Por un lado tenemos a un Perú post-SIN, donde el espionaje telefónico y la asesoría “de inteligencia” se han privatizado (¿se ha puesto a pensar qué ha sido de tanto equipo de ‘chuponeo’ y escáners?), y continúan siendo los que le hablan al oído no solo a los principales políticos, sino también a empresarios mineros y petroleros y a alcaldes de medio pelo. Si en Palacio de Gobierno se creyeron el cuento de la conspiración internacional y de la “amenaza bolivariana”, es en parte por la vigencia del asesor ‘chuponeador’, émulo y seguidor de Montesinos, formado a su imagen y cuenta bancaria. Se sigue creyendo en la “habilidad” de estos conspiradores oscuros. Preparémonos para ver a J. J. Rendón rondando por acá el próximo verano.

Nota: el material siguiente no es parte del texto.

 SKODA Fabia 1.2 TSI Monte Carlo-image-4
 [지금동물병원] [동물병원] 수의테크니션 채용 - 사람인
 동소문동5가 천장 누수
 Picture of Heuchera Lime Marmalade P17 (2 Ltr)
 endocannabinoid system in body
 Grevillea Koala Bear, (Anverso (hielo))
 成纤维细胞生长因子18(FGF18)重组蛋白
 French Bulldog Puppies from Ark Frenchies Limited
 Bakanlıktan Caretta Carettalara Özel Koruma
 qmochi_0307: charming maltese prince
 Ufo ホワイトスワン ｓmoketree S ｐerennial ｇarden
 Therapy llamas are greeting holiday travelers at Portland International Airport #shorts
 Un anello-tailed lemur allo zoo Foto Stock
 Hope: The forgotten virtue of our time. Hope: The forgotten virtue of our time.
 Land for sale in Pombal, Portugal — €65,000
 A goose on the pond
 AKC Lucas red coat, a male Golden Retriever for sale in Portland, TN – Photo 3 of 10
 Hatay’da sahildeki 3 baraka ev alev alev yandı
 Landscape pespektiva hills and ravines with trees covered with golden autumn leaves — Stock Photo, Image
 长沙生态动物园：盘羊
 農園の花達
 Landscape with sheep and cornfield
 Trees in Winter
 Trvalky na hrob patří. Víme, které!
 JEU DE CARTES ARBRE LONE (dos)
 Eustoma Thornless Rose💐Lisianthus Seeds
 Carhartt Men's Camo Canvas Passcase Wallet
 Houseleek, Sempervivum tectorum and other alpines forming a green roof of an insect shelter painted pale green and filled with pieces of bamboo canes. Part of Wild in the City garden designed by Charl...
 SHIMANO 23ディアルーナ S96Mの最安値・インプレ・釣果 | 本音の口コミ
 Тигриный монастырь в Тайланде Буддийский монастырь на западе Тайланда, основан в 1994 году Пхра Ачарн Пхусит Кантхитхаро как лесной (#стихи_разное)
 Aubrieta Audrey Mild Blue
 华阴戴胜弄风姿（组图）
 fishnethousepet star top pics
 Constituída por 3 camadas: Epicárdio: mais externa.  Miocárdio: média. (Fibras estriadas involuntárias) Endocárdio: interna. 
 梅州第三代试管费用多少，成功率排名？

Por otro lado tenemos al Perú de los conflictos después del Conflicto. A esa postergación social permanente, que con tanto “El Perú Avanza” en realidad se posterga más. Y la desigualdad se convierte en ‘Baguazos’, ‘Moqueguazos’, ‘Arequipazos’ y los que faltan por venir. Porque lo que hemos visto en los últimos diez años es el legado del autoritarismo sin clientelismo, de los reclamos históricos y cotidianos que, sin partidos, se complejizan más. Porque los gobernantes siguen interpretando la represión como la solución “eficiente” y fácil, haciéndose de la vista gorda con el número de muertos producidos por esta conflictividad social nuestra de cada día.
Y la desigualdad se convierte en ‘Baguazos’, ‘Moqueguazos’, ‘Arequipazos’ y los que faltan por venir. Porque lo que hemos visto en los últimos diez años es el legado del autoritarismo sin clientelismo, de los reclamos históricos y cotidianos que, sin partidos, se complejizan más.
Durante la primera década del siglo XXI hemos sido testigos de una apertura democrática a medias, una “democratización chicha”, ya que no ha impedido que persistan vigentes los legados autoritarios que conforme pasa el tiempo se evidencian con mayor nitidez. Por lo tanto, no hay ninguna regresión ni retrocesos, sino que la promesa democrática del final del fujimorismo sigue siendo casi tan lejana como ahora. La paranoia “caviar” hace interpretar este fenómeno como algo “nuevo”: como una articulación orquestada entre apristas, fujimoristas, conservadores, militares, el Opus, Kouri, Montesinos, “prensa vendida”, etcétera; cuando en realidad muy poco ha cambiado.
Si se sigue creyendo que la modificación de uno u otro artículo en una ley o si la firma de compromisos y actas (desde el Acuerdo Nacional hasta la necesaria para el desbloqueo de una carretera) son suficientes para construir democracia en el país, estamos siendo conformistas con nuestras convicciones. Ni las reformas democratizadoras de Paniagua y Toledo fueron lo suficientemente serias (o no vinieron acompañadas de medidas concretas), ni las “amenazas” conservadoras son lo suficientemente articuladas para tomar el “control del país”. Dejemos ya de echarles la culpa de nuestros fracasos políticos a los fantasmas de nuestros miedos. Los problemas de fondo del país pasan por encima de las “buenas” intenciones cívicas y de las “perversas” ambiciones conservadoras. Mientras, seguiremos probando de esta “democratización chicha”, un híbrido permanente de aperturas democráticas a medias y de legados autoritarios que no desaparecen.